Problem to solve: Print nothing except the lines of the listing below from the line with "Shonen Note: Boy Soprano – Chapter 23 page 4" to the line with "Dijual rice cooker", each exactly as written, both ends included.

Data under study:
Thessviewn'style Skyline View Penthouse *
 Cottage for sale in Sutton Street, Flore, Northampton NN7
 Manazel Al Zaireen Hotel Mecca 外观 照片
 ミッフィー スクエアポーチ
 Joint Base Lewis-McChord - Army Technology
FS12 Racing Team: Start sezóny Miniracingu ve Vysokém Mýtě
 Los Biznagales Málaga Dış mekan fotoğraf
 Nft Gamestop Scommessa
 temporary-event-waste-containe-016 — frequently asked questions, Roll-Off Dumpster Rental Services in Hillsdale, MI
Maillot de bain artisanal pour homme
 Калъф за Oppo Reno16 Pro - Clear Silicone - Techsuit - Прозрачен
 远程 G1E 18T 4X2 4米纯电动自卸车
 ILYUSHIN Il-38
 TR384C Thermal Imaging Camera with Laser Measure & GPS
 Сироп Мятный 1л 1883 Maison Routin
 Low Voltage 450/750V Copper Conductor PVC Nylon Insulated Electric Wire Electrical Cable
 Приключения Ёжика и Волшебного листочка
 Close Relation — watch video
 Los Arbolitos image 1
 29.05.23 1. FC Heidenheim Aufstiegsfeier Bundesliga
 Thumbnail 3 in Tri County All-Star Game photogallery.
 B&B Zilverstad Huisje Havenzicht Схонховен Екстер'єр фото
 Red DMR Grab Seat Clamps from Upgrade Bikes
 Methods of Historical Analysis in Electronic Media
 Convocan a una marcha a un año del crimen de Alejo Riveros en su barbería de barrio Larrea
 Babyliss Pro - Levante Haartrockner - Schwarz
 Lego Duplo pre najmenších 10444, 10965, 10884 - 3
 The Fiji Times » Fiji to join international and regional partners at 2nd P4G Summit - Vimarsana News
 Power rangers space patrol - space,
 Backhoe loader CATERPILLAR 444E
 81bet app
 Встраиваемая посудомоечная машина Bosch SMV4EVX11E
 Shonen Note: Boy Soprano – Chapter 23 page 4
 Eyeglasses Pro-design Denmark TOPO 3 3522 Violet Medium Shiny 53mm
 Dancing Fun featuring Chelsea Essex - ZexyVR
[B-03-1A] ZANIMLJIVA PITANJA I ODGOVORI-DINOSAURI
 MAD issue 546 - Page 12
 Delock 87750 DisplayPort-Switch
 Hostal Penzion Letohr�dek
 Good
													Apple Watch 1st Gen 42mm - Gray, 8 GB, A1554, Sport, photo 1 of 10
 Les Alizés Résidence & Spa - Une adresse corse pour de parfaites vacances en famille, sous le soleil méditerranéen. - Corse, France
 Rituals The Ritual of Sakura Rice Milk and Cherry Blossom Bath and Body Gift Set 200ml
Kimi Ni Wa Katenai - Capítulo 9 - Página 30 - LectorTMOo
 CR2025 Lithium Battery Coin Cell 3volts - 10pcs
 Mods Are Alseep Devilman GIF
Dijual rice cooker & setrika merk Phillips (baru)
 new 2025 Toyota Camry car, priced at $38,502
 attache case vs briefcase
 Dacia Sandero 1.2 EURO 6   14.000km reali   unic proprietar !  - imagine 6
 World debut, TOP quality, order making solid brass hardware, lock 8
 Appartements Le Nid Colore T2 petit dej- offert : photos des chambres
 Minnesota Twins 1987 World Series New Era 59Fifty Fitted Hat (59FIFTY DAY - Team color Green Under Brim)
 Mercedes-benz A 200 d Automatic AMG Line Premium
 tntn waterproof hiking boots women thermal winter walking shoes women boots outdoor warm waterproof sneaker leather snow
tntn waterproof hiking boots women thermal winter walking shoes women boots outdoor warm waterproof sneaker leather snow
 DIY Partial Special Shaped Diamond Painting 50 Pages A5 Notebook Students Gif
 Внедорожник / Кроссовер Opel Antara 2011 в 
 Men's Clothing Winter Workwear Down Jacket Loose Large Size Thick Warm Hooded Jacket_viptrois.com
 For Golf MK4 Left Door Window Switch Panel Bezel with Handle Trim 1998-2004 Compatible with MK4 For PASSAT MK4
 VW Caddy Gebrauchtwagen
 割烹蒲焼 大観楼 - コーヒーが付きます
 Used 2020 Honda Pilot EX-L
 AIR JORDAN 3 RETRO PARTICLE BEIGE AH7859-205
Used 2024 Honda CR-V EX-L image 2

Response for this exercise:
 Shonen Note: Boy Soprano – Chapter 23 page 4
 Eyeglasses Pro-design Denmark TOPO 3 3522 Violet Medium Shiny 53mm
 Dancing Fun featuring Chelsea Essex - ZexyVR
[B-03-1A] ZANIMLJIVA PITANJA I ODGOVORI-DINOSAURI
 MAD issue 546 - Page 12
 Delock 87750 DisplayPort-Switch
 Hostal Penzion Letohr�dek
 Good
													Apple Watch 1st Gen 42mm - Gray, 8 GB, A1554, Sport, photo 1 of 10
 Les Alizés Résidence & Spa - Une adresse corse pour de parfaites vacances en famille, sous le soleil méditerranéen. - Corse, France
 Rituals The Ritual of Sakura Rice Milk and Cherry Blossom Bath and Body Gift Set 200ml
Kimi Ni Wa Katenai - Capítulo 9 - Página 30 - LectorTMOo
 CR2025 Lithium Battery Coin Cell 3volts - 10pcs
 Mods Are Alseep Devilman GIF
Dijual rice cooker & setrika merk Phillips (baru)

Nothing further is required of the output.